Learn more about this tea here.
This World Bird Sanctuary Tea Blend from Trail Lodge Tea is an interesting blend. The aroma of the dry leaf is earthy and slightly smoky, with hints of flower and fruit. The brewed tea smells a little less smoky, but maintains its earthy, floral, and fruity fragrance. I still am picking up on hints of smoke, but, they are very distant.
Because this is a black and green tea leaf blend, I used a lower temperature to steep the tea, opting for a 185°F temperature and a 2.5 minute brew time. The flavor is primarily a black tea taste … earthy, somewhat sweet, with floral notes. It has a moderate astringency to it.
The green tea is not as noticeable as the black tea … but, where it is noticed is in the body … it is not quite as heavily bodied as a tea comprised of only black tea.
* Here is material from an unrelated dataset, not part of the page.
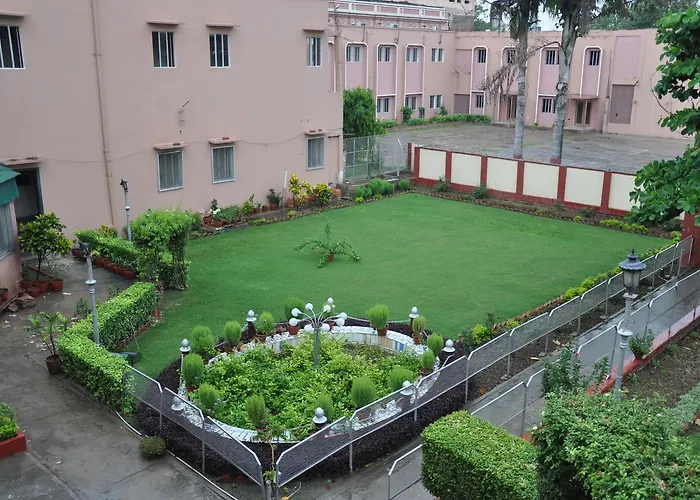 Oyo 3682 Pallavi International Varanasi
It is still certainly what I’d consider a full-bodied tea, but it is not quite as hefty as, say, a straight up Assam or even a straight up Ceylon. There is also a vegetative note to this that is more noticeable as I continue to sip that is definitely ‘green tea-like’.
Trail Lodge Tea does not elaborate on the flavoring that is used to create this blend, but as I continue to sip, a definite fruit note seems to emerge … it tastes peach-y … or possibly apricot-peach-y. It is sweet and quite lovely, actually. I like that the flavor here isn’t overdone. It is mild and allows the blend of black and green teas to be the focus.
The floral notes here are delicate, which isn’t surprising to me, as I tend to find both Cornflowers and Safflower petals to be very mild petals and are often used not so much to flavor a tea but rather, to color the blend with some visual appeal. And these petals certainly do that … and they do add just a hint of floral taste to the cup too.
This one is especially good as an iced tea!